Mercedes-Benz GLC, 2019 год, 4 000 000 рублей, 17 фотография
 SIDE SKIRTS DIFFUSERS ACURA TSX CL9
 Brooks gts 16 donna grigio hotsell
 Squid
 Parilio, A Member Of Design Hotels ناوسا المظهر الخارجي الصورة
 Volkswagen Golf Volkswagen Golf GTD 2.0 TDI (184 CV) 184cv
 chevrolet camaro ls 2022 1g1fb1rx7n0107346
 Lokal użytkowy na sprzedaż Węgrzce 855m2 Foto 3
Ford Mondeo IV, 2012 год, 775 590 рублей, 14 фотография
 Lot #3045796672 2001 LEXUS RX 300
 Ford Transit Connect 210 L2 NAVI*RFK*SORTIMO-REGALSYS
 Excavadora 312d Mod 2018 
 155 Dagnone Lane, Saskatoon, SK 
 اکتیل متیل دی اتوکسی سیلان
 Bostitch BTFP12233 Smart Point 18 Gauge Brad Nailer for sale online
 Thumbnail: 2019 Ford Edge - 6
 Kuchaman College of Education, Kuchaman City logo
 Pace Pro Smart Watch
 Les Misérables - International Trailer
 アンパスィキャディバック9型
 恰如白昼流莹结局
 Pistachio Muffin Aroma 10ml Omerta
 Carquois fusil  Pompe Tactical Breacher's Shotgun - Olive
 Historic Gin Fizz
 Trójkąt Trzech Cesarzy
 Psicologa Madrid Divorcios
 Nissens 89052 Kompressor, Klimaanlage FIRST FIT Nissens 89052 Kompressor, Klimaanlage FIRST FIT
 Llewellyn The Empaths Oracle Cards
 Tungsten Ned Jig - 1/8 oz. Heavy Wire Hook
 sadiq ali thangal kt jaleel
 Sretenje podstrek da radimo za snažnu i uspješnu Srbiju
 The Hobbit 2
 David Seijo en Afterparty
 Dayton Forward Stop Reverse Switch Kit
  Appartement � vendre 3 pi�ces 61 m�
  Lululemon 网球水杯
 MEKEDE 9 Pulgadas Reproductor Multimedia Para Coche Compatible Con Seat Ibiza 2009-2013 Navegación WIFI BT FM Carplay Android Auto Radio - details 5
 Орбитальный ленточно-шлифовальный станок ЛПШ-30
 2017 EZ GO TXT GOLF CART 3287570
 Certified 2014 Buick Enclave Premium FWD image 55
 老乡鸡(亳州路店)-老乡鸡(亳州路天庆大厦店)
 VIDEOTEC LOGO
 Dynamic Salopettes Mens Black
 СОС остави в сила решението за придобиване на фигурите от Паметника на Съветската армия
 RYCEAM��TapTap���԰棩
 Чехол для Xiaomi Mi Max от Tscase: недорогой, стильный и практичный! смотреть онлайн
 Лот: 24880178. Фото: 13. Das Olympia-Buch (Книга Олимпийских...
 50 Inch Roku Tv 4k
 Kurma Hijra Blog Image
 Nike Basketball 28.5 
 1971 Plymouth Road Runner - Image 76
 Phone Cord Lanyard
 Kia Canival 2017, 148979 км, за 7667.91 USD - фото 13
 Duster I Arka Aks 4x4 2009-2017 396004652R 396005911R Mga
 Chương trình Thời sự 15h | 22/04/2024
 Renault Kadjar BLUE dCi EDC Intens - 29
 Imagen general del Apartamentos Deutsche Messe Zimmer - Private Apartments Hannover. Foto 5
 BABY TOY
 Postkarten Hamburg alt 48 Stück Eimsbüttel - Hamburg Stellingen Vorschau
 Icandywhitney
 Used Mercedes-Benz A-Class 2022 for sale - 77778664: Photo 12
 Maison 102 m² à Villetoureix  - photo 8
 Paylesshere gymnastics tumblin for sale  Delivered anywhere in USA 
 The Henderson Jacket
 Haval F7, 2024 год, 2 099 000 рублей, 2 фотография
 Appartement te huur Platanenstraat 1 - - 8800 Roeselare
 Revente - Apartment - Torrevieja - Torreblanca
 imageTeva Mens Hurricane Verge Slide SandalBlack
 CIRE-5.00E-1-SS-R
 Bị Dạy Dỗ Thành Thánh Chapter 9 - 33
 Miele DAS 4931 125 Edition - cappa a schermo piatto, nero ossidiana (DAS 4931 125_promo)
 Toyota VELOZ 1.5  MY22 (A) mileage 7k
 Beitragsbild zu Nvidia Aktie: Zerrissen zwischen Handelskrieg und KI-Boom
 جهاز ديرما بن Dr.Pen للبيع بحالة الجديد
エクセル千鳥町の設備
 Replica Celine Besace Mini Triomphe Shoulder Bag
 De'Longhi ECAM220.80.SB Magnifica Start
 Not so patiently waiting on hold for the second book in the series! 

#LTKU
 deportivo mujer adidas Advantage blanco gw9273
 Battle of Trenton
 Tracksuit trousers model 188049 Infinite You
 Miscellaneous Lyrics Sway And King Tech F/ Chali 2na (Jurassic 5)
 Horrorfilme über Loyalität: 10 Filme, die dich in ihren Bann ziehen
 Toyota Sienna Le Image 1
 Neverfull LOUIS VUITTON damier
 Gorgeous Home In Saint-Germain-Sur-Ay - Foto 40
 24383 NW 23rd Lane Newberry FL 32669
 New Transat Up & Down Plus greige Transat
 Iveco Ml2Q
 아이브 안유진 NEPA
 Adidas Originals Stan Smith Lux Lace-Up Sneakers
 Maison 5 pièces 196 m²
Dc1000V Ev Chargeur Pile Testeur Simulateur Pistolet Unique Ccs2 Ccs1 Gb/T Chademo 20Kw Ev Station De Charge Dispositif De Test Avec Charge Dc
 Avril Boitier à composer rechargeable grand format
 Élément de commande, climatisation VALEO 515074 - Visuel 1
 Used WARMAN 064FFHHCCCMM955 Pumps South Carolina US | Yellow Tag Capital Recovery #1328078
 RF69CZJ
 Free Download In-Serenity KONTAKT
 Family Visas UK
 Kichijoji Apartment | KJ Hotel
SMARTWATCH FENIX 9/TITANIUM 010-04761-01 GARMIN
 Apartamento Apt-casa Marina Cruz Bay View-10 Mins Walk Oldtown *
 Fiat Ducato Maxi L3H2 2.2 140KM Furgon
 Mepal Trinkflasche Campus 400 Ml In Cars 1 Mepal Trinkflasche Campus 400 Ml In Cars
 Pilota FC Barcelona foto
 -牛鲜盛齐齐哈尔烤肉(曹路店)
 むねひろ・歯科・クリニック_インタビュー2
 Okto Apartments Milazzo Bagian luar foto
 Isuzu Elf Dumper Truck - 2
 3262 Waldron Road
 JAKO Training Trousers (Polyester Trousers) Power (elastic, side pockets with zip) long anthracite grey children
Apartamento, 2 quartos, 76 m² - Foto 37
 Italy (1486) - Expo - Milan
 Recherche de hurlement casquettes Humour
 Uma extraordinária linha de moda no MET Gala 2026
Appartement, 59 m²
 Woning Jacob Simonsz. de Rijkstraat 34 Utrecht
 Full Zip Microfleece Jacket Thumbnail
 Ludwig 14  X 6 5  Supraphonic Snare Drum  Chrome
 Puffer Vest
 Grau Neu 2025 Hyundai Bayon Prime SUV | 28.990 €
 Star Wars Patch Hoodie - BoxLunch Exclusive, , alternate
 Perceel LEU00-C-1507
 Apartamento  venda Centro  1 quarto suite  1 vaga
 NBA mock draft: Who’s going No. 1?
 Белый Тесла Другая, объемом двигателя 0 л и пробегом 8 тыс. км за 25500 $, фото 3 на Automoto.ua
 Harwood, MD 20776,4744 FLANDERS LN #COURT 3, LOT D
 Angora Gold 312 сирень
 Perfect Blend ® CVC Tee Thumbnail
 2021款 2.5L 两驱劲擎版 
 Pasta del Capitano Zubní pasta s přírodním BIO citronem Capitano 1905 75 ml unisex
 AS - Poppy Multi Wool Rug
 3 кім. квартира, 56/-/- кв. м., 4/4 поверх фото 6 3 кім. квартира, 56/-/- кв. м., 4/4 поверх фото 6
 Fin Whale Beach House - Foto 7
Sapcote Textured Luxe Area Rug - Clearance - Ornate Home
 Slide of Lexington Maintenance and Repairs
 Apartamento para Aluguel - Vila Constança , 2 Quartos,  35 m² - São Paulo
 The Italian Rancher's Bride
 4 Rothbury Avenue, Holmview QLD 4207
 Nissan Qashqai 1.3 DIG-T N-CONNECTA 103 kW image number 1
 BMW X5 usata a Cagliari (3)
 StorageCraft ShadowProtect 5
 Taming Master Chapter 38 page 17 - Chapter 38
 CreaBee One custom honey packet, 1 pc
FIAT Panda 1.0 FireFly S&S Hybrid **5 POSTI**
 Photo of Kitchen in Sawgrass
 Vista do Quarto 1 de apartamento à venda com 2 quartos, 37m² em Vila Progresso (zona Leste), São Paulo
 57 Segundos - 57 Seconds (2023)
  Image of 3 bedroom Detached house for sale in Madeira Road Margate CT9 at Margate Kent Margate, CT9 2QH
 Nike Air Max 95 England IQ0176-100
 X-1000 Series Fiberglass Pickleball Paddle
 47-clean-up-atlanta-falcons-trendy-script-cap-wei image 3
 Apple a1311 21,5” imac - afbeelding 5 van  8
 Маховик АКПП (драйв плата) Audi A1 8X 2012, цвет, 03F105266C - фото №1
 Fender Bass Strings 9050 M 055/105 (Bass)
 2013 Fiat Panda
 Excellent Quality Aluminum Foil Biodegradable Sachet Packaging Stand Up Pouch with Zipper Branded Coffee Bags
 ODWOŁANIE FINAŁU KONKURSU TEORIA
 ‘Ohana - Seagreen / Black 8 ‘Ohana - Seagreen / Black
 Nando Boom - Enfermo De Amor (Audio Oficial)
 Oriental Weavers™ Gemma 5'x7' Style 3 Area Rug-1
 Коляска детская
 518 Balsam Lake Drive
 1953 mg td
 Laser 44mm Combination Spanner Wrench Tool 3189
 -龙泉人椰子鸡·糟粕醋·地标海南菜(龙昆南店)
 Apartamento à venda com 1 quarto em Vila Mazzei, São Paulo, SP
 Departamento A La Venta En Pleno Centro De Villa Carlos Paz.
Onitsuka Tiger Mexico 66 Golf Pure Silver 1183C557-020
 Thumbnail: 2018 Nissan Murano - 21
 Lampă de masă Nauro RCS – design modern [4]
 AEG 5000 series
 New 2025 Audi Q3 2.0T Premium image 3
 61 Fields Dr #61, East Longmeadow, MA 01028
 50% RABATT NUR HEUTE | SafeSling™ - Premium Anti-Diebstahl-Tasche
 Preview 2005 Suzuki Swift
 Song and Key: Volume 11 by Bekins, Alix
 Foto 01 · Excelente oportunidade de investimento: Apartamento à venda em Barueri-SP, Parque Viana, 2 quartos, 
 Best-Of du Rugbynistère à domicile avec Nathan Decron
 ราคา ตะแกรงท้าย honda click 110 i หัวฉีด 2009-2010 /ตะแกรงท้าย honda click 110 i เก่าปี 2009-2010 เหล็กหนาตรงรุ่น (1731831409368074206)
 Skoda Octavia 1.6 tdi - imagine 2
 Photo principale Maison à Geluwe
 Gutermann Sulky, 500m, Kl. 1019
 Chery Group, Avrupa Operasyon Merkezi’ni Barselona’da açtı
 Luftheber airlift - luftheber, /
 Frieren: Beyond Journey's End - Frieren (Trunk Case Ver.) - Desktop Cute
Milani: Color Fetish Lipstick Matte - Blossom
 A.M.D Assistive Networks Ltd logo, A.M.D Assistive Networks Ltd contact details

__________________________________________________

● TASK DESCRIPTION:
Write down exactly the span of lines above from the one containing "Battle of Trenton" to the one containing "Toyota Sienna Le Image 1", both ends included.

● EXERCISE RESPONSE:
 Battle of Trenton
 Tracksuit trousers model 188049 Infinite You
 Miscellaneous Lyrics Sway And King Tech F/ Chali 2na (Jurassic 5)
 Horrorfilme über Loyalität: 10 Filme, die dich in ihren Bann ziehen
 Toyota Sienna Le Image 1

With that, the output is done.